Saturday, April 29, 2017

Talking Tribeca: The Exception

I’ve had the pleasure of screening a number of selections from this year’s Tribeca Film Festival, which takes place April 19th-April 30th.

The Exception
Directed by David Leveaux
Festival Screenings

Most films contain more than one storyline. At the very least, there may be multiple characters, all of whom play a central role and whose individual plotlines diverge as the film progresses, likely ultimately culminating towards the end of the film when everything comes together. In those cases, it’s fair to assume that one part or element may be stronger than the others, and it could even be that the film as a whole might have been better had it focused solely or more intensively on its more compelling assets.

Captain Stefan Brandt (Jai Courtney) is a Nazi officer who, after an unexplained incident, is transferred to Holland to serve as the head of the guard for the exiled former ruler of Germany, Kaiser Wilhelm II (Christopher Plummer).

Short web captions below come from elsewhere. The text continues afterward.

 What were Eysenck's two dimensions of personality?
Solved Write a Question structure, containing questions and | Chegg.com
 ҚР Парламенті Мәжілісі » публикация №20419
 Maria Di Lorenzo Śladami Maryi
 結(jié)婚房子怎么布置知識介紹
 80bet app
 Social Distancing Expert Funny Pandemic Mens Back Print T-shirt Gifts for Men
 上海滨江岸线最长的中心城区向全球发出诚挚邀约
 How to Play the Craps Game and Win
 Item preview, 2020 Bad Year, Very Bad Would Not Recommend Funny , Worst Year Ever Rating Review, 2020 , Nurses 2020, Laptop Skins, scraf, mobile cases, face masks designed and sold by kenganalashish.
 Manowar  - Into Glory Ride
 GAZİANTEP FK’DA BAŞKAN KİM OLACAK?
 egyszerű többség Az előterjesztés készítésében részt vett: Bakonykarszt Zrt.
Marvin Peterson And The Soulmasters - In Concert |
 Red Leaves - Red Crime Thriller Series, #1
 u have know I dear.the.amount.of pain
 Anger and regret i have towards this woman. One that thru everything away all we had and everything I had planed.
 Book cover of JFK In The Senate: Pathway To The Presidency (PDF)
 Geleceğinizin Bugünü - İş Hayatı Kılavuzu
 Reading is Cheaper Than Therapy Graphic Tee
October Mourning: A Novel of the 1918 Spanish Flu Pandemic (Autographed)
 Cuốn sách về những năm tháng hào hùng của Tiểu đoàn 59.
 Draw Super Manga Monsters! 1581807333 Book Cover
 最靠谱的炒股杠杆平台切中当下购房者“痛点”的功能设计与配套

While there, Brandt meets Wilhelm’s wife Hermine (Janet McTeer), who is eager to see her husband returned to the throne, Colonel Sigurd von Ilsemann (Ben Daniels), Wilhelm’s loyal aide, and Mieke de Jong (Lily James), a newly hired maid. As Brandt builds a close but forbidden relationship with Mieke, he is tasked with finding the spy operating within Wilhelm’s complex, an assignment that proves to be more difficult than expected when he discovers the spy’s identity.

The Nazi captain’s affair with the maid who harbors secrets takes center stage in the film’s setup and even serves as the reason for its title - Brandt is the exception, a good man who wears the Nazi uniform. Yet that love story with all of its complexities isn’t what makes this film appealing. Instead, it’s the spotlighting of a deposed ruler, one who has been in exile for so long that he is no longer used to communication with the outside world, let alone a regime which punishes negative language about its commanders or policies with unforgiving efficiency. To see how Wilhelm operates and how he interacts on a daily basis with his inner circle and with visitors is immensely interesting.

Plummer, who won an Oscar in 2011 for “Beginners” and is now eighty-seven years old, received a well-deserved standing ovation and plenty of respect at the U.S. premiere of this film at Tribeca. His turn as Wilhelm is full of emotion and intensity, and it’s wonderful to see that Plummer shows no signs of slowing down this decade. McTeer and Daniels provide ample support, with Courtney and James doing their best to steer a less-than-enthralling subplot mistaken for the main focus of this film. This film, best described as a fictional historical drama, will be most remembered for Plummer’s performance and the strength of the character he portrays.